Page 94 of Deadly Cry
‘Okay, TMI, Frost, way too much information and, just so you know, it’s almost eighto’clock.’
‘Which is way too early to listen to you quoting and then explaining acronyms to me. Now just get to the point. Clearly, you want something from me, so hurry up unless you want to accompany me into the shower.’
‘Ugh… no thanks. Bryant here would like to buy you a coffee this morning if you’ve got a minute.’
‘Why?’
‘Cos you’re his favourite reporter and—’
‘Stone, it’s too early for this shit. For fuck’s sake, spit it out.’
Kim did the calculations between their first visit of the day and Nicola Southall’s post-mortem at ten.
‘Meet us at Sam’s Bostin Bites, Old Hill, at nine fifteen. Now go get clean: you stink.’
Bryant chuckled as she ended the call.
‘You think she’ll go for it?’ he asked of her plan. She’d already told him what she wanted to do.
‘I think so if we make it worth her while.’
She’d cross that bridge later, but right now she was on her way to see what was left of a family and offer them the smallest ray of hope.
Seventy-Six
‘Bloody hell,’ Stacey said, slamming down the phone.
‘Wassup?’ Alison asked, raising her head.
‘Damn network provider for the other phone, the second burner, are being a lot less helpful. It’s not registered, but they’re playing hardball with the data because its link to any crime is tenuous at best,’ she said, quoting the assistant who’d said she’d look into it, which was code for I’m going to forget about your call the second I put this phone down.
‘I mean, who uses their phone like this?’ Stacey asked, waving the single sheet around.
‘Have you asked the provider of the first burner for content?’
‘No, Alison, I never made sure to do that before I went home last night,’ Stacey said, softening her words with a smile.
She’d done it the second she’d realised the phone had been used for texting only, except for the call to Nicola. But now she was desperate to know who the hell it was texting, and the network weren’t too keen to help her find out.
‘Stace, you got a minute?’ Penn asked, removing his headphones.
‘Unfortunately, yes,’ she answered, seeing as her leads appeared to be going nowhere.
‘Can you look up the murder of Rhona Stubbs and see if you can find any mention of scratches? She was stabbed eight months ago in Walsall, and the same on the scratches for Bryan Thompson, who was assaulted six years ago outside a chip shop in Kingswinford.’

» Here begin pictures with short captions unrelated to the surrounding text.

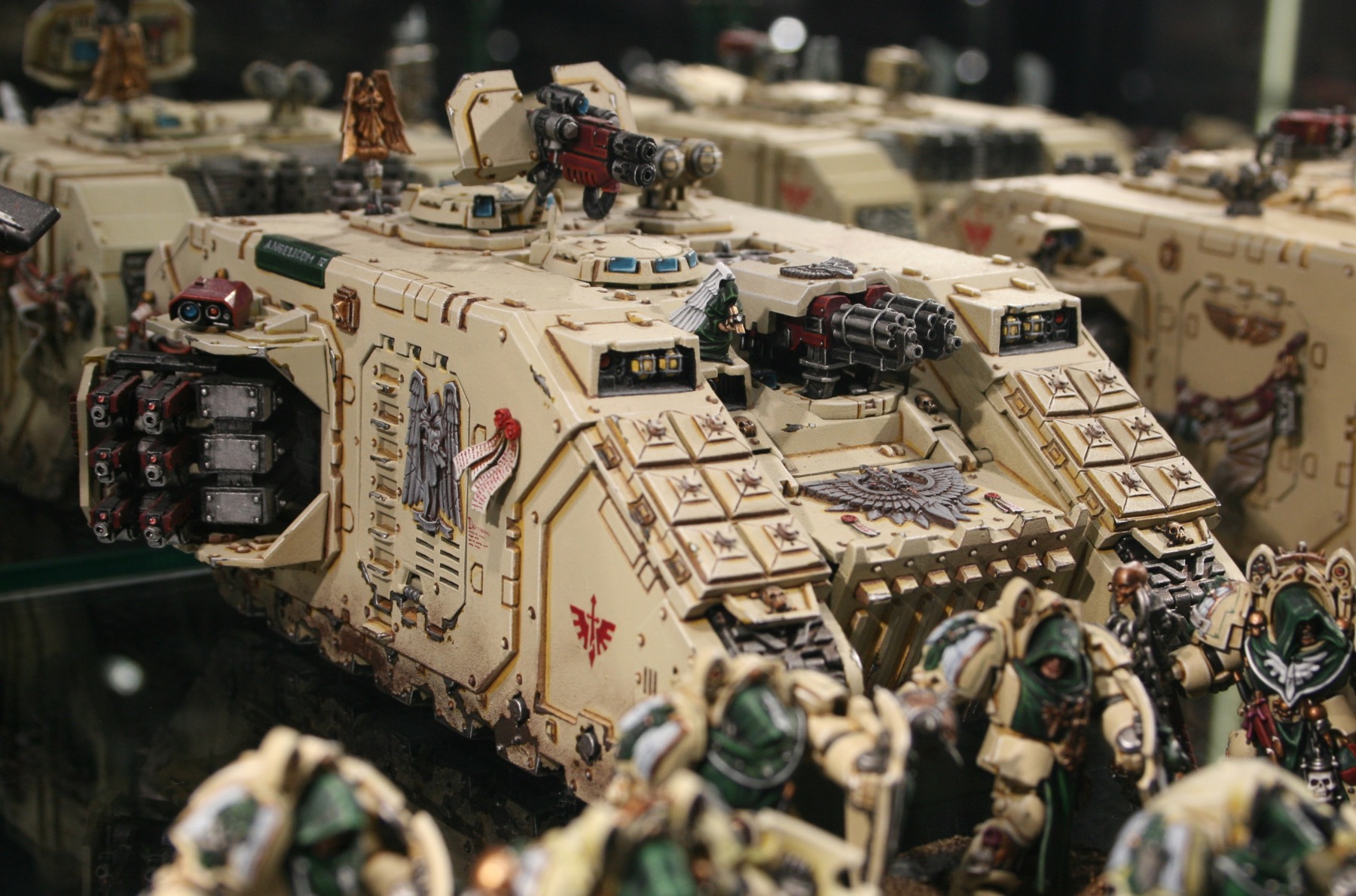 Land Raider Crusader - Felix's Gaming Pages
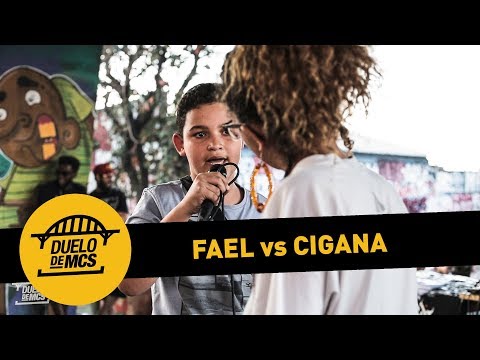 Fael vs Cigana (Semifinal) - Tradicional - Duelo de MCs - 12/08/18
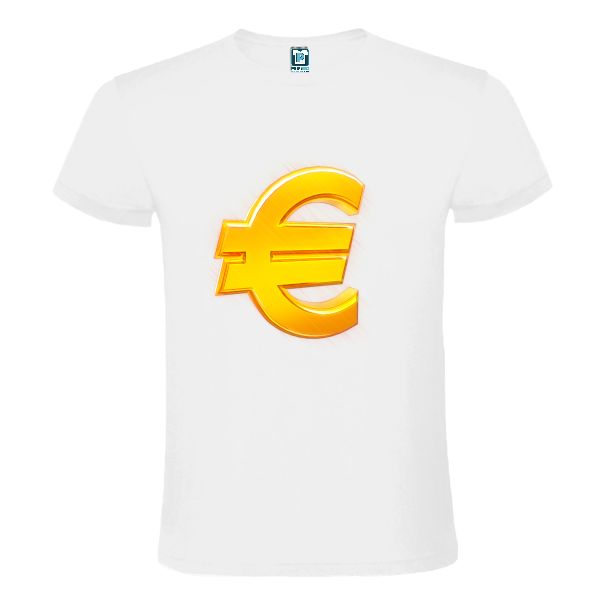 Tricou bărbați - Gold euro symbol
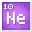 Invicon Neon.png: Inventory sprite for Neon in Minecraft as shown in-game linking to Neon with description: Neon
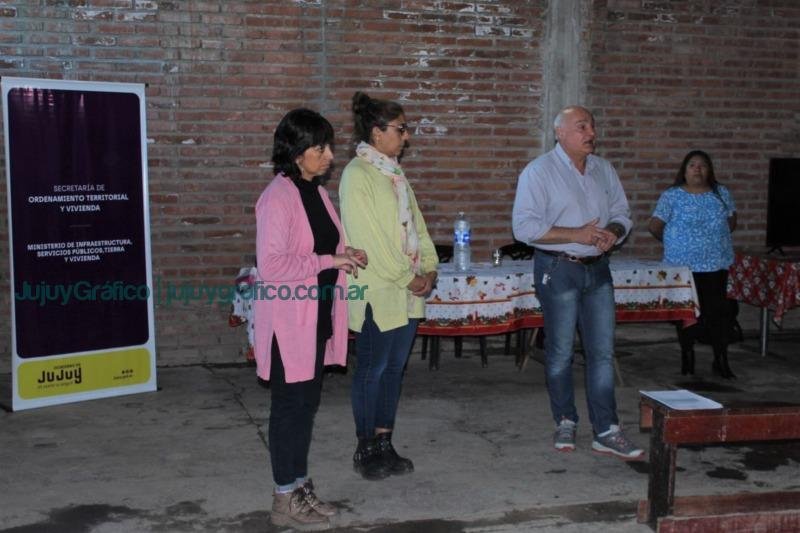 Más de 100 obras y regularización en barrio El Imperio de Alto Comedero 3 Obras y regularización en barrio El Imperio de Alto Comedero 2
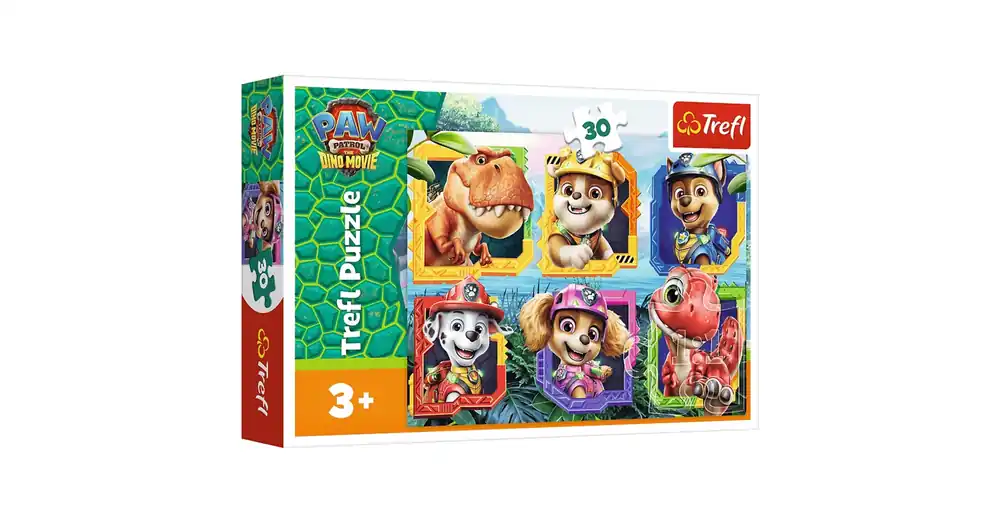 Különleges ajánlat Mancs őrjárat dínók szigete 30db-os puzzle - Trefl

‘Bloody hell, Penn, what are you up to? You want me to look at a case from six years ago?’
He nodded distractedly as he looked at the screen and then scribbled something down.
‘I can find no way to link the scratches to anything,’ Alison said. ‘They’re not present in every crime, which fits no pattern, and they don’t actually say anything.’
Alison had been tasked to investigate the scratches further, and that was her way of telling Penn he was wasting his time.
‘So what are you thinking, Penn?’ Stacey asked, even though she agreed with the profiler.
‘I’ve got more stuff to look at, but I think there might be something in the pairs theory, and I think it’s been going on for years.’